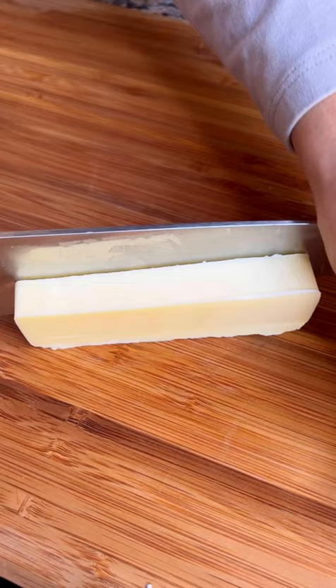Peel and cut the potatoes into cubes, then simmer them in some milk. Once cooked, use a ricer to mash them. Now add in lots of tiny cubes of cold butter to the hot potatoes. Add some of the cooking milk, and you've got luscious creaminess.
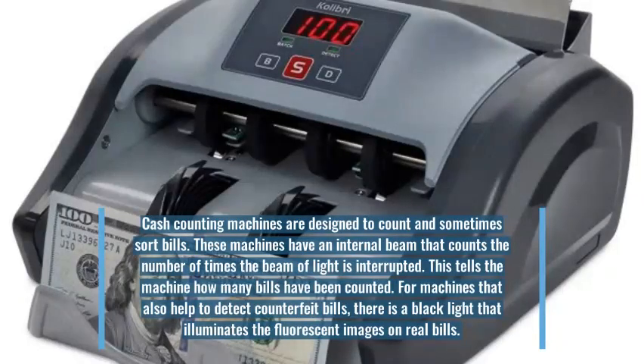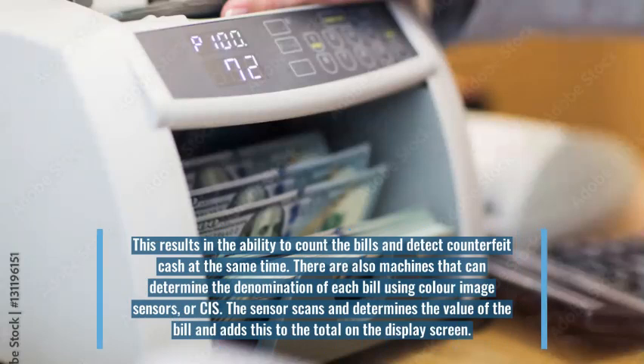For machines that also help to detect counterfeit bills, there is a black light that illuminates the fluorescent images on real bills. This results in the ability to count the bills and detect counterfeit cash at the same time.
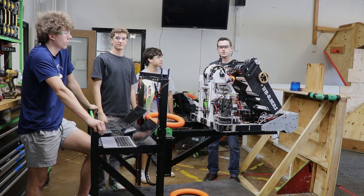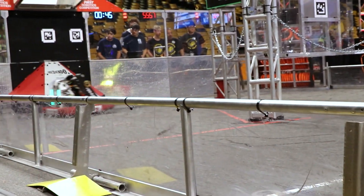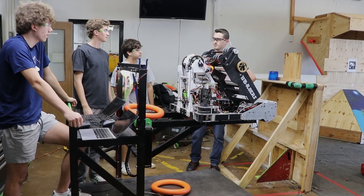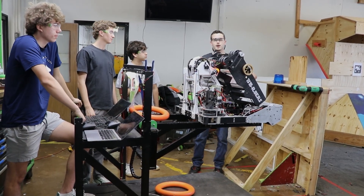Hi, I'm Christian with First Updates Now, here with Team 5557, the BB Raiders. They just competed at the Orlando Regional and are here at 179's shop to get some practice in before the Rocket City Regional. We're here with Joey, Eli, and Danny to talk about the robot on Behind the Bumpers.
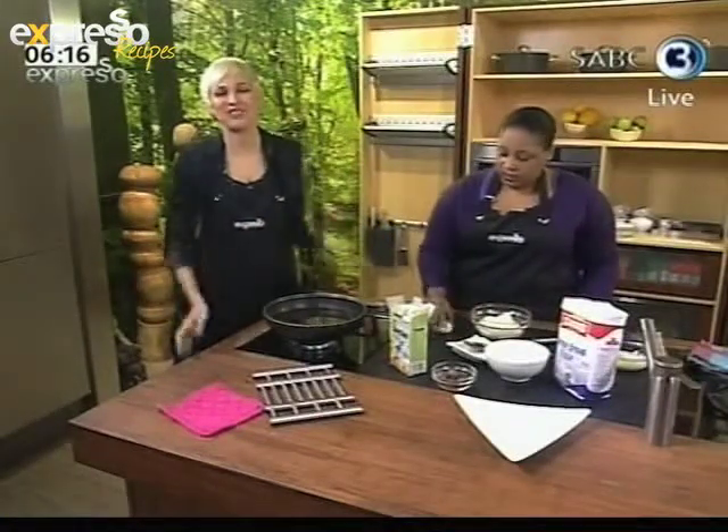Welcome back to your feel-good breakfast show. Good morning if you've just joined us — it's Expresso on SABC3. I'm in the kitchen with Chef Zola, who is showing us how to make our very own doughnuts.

━━━━━━━━

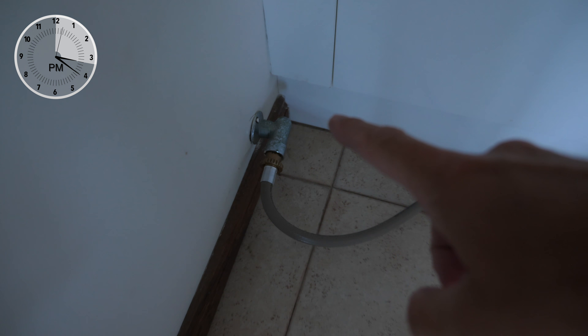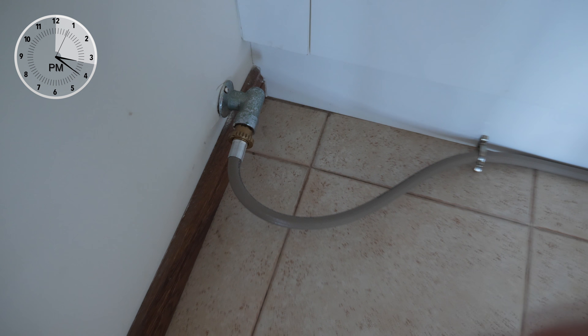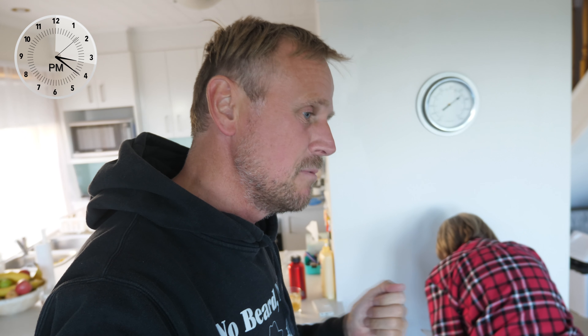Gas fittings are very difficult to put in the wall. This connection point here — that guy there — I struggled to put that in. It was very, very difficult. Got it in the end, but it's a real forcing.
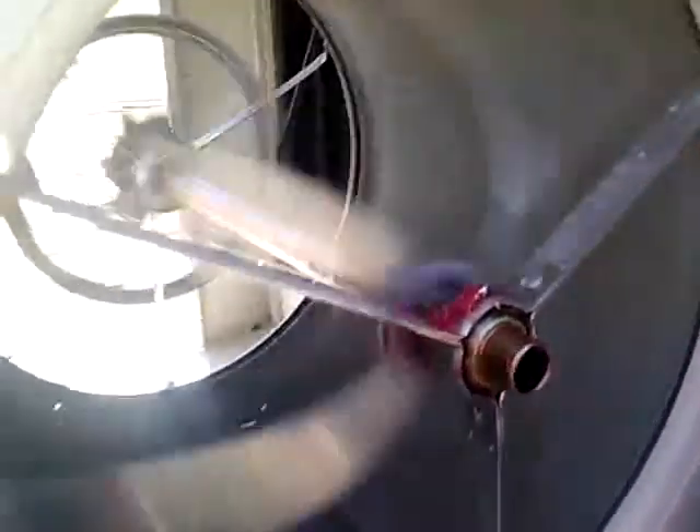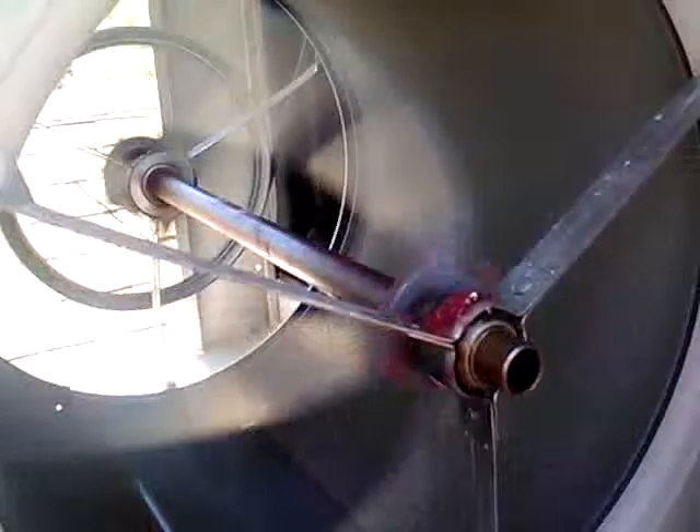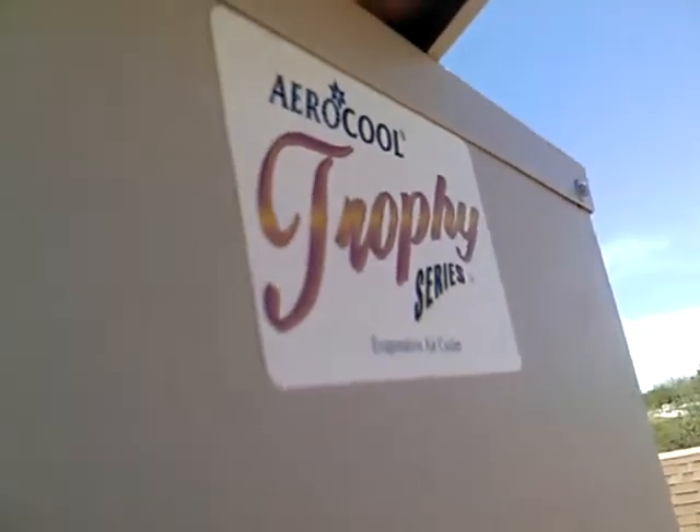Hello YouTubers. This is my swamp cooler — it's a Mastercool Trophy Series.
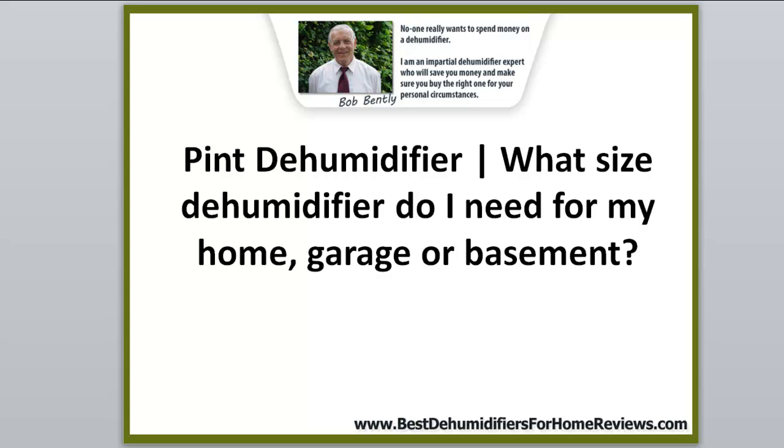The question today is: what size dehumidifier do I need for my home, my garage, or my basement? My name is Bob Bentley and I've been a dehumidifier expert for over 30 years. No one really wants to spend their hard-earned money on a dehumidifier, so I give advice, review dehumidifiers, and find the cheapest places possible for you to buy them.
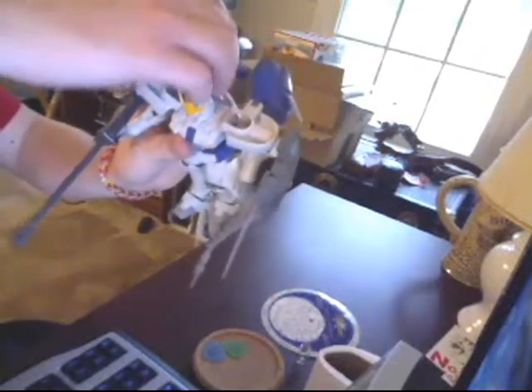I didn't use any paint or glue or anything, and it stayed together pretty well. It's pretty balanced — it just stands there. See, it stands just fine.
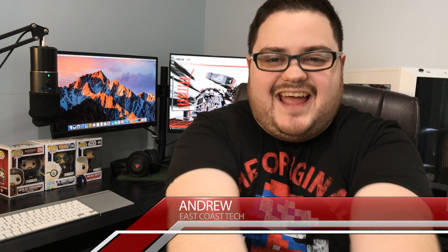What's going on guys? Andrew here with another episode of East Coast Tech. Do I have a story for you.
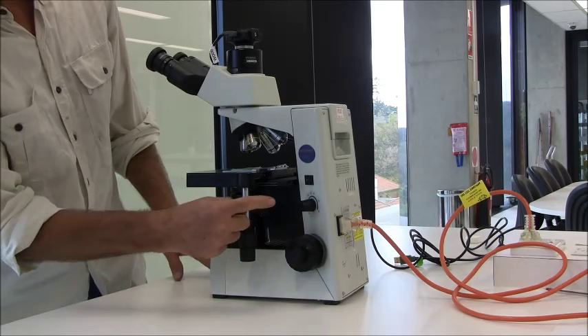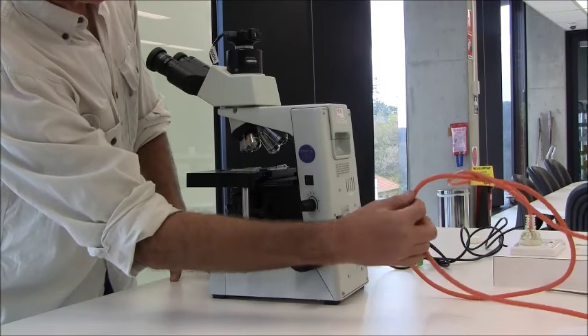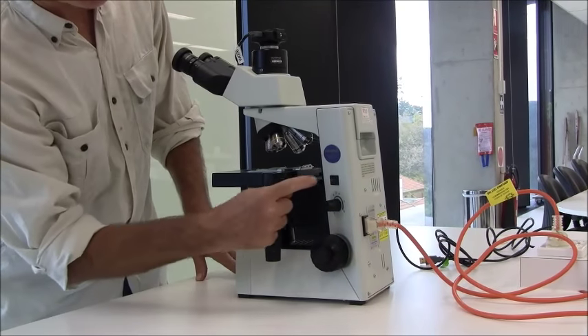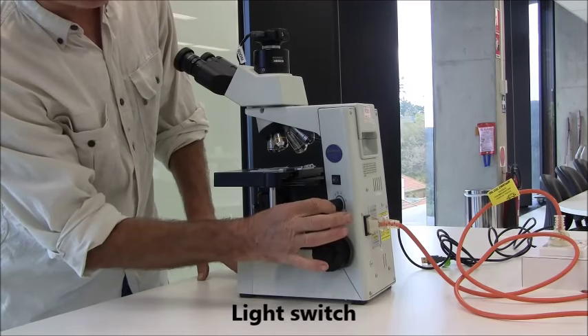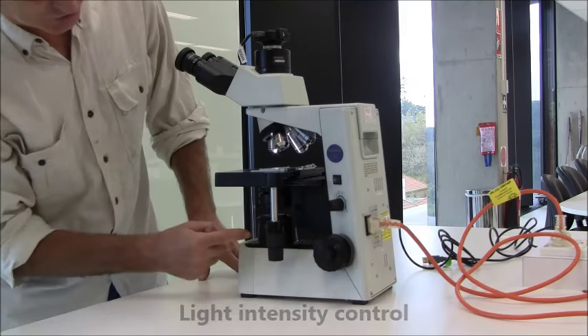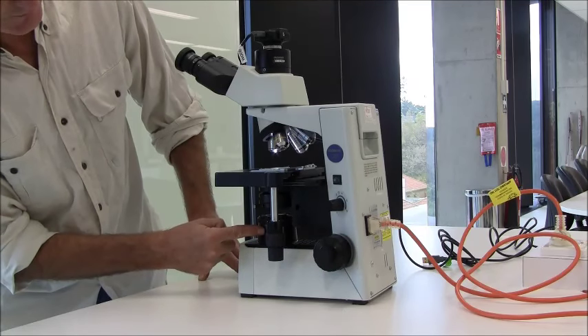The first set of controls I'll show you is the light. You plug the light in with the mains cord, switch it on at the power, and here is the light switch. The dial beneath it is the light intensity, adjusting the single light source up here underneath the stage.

━━━━━━━━

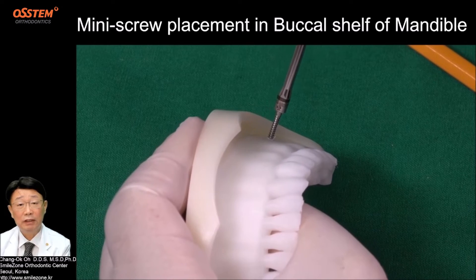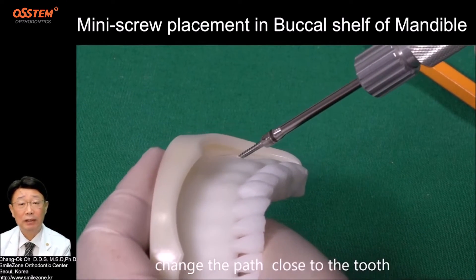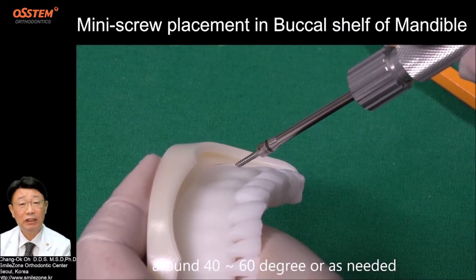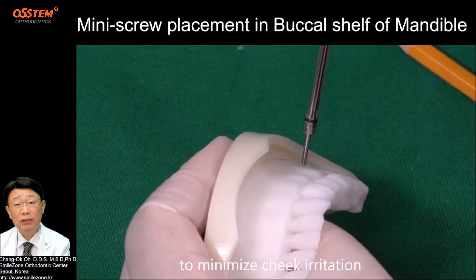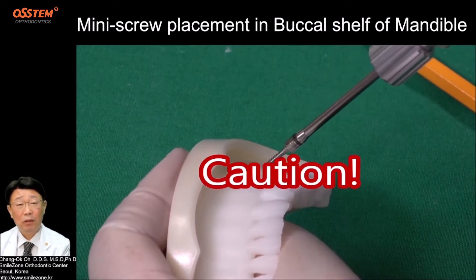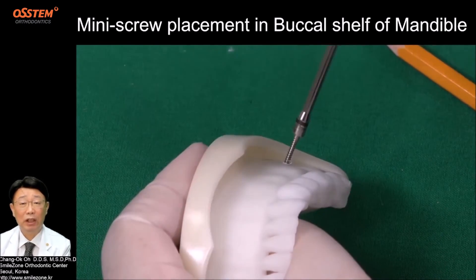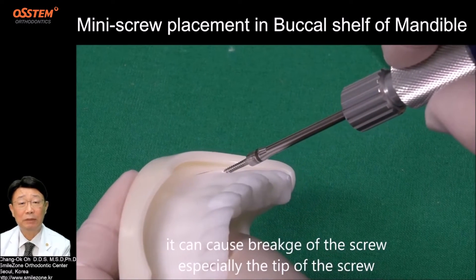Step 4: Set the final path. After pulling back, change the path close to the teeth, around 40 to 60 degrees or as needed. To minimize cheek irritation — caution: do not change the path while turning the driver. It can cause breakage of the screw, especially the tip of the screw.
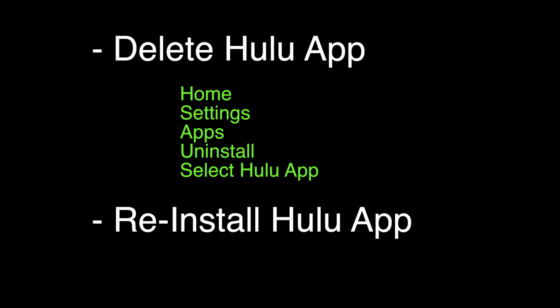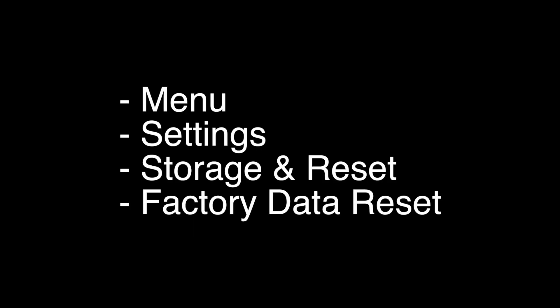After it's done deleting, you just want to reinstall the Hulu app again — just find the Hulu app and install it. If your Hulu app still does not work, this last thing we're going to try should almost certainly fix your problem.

━━━━━━━━

**Problem statement:** Each line between the one holding "Peel and cut" and the one holding "Welcome back to", inclusive, should be copied exactly as it appears above, and pictures should be omitted.

**Solution for this exercise:**
Peel and cut the potatoes into cubes, then simmer them in some milk. Once cooked, use a ricer to mash them. Now add in lots of tiny cubes of cold butter to the hot potatoes. Add some of the cooking milk, and you've got luscious creaminess.
For machines that also help to detect counterfeit bills, there is a black light that illuminates the fluorescent images on real bills. This results in the ability to count the bills and detect counterfeit cash at the same time.
Hi, I'm Christian with First Updates Now, here with Team 5557, the BB Raiders. They just competed at the Orlando Regional and are here at 179's shop to get some practice in before the Rocket City Regional. We're here with Joey, Eli, and Danny to talk about the robot on Behind the Bumpers.
Welcome back to your feel-good breakfast show. Good morning if you've just joined us — it's Expresso on SABC3. I'm in the kitchen with Chef Zola, who is showing us how to make our very own doughnuts.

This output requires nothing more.